Kristine, the fact that your dream self is running late is an indication that you feel, in the grand scheme of things, you're running out of time. We're mortal beings, my friend, and time is finite. Like many people who reach middle age, you're at a crossroads, and this dream is presenting you with certain options that lay ahead of you: the one you choose will be pivotal in how the rest of your life plays out.
You've dreamt about about shame, self-loathing, and the multiple layers of protection you've built up to hide from the inescapable truth about yourself.  The GIANT house in your dream represents your psyche - so vast and complicated, cavernous, really. An easy place in which to get lost....especially when one harbors a GIANT secret and GIANT shame.
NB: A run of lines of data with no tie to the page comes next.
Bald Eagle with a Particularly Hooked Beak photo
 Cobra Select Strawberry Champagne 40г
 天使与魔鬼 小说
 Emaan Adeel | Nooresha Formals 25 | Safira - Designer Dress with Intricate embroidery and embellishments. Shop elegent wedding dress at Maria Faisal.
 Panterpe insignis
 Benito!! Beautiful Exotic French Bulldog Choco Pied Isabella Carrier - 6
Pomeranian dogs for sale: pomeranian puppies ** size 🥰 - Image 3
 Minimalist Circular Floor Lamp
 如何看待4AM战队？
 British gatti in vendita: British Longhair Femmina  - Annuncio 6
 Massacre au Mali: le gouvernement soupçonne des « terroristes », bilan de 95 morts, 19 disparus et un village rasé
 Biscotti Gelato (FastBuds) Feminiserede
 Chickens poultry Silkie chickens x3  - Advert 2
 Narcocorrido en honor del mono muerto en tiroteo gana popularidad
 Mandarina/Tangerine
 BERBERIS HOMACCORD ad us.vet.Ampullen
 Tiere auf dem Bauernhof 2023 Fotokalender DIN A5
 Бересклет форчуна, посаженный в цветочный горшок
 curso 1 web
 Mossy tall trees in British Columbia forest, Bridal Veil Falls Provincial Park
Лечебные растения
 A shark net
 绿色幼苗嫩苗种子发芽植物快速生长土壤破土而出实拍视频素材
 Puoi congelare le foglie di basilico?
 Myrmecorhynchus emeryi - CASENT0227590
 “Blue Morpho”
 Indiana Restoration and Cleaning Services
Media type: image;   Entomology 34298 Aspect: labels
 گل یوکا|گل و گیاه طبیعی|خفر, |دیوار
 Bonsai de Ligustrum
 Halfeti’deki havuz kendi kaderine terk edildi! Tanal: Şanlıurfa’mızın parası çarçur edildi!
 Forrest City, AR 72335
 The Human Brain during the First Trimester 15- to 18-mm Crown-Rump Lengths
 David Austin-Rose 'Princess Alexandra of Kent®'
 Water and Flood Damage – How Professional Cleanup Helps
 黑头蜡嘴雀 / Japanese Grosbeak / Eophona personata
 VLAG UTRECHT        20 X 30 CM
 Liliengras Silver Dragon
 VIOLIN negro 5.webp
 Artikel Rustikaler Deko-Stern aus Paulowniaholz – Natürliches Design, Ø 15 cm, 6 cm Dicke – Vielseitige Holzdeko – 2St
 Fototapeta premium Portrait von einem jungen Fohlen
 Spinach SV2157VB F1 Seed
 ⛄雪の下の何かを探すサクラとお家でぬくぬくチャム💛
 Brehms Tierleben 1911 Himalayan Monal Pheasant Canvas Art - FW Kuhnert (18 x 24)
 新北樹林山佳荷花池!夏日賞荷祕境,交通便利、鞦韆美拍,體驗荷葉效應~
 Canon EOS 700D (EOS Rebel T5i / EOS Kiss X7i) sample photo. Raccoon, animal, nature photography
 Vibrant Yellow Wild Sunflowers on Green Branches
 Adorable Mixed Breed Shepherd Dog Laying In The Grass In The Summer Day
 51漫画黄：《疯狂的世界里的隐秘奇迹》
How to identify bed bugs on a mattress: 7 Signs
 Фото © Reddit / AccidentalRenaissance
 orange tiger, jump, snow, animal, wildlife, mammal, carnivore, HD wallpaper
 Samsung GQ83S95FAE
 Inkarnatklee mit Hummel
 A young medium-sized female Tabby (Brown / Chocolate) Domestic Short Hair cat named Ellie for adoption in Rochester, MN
In the dream, you find yourself in this big house, and feel you need a shower. This is because in your waking hours, when you look too deeply into yourself, you feel unclean. What you keep hidden away behind closed, psychic doors is that which you feel is filthy and unseemly, and you wish you could wash it away. The long bathroom you describe is the length of time you've already lived: your life to-date. It's been a long road getting to where you are today, and there are multiple locks and doors at the end that long span of time from that which you find unclean: your true sexual preference, which is that of a gay woman. Just as you've spent years (and lots of energy) locking the world away from your inner lesbian, your dream self takes the long walk to lock the multiple doors behind you. The good news is, this is ultimately a dream about you confronting this crossroads with friends-of-Dorothy on hand to lead you to the promised land. Whereas you've spent a lifetime locked away from the world, what you're clearly ready to do at this stage in life is shut the door on what's behind you and take not a Karen Silkwood shower to wash away the gay, but to enjoy a dip in a luxurious pool of Sapphic delights. You're ready to take the full muff dive, Kristine. Your nudity, except for a towel, illustrates how exposed you suddenly feel, now that you've subconsciously decided to embrace your inner lesbian. Be brave and go out into the world dirty, Gay Girl. If Meryl Streep had just hit it with Cher, like she should have, Silkwood would have been a completely different movie.

Friday, March 8, 2013

Truly, Madly, Deeply


Cappy Sue writes:

I was in a house with all kinds of people - some I knew and some I did not. We knew someone was killing people so, when we figured out who it was, we bashed him on the head. It was a guy who looked a lot like Alan Rickman. I am not sure if it was supposed to be him or not. But that was what was running through my head while I crammed his injured body into a giant microwave.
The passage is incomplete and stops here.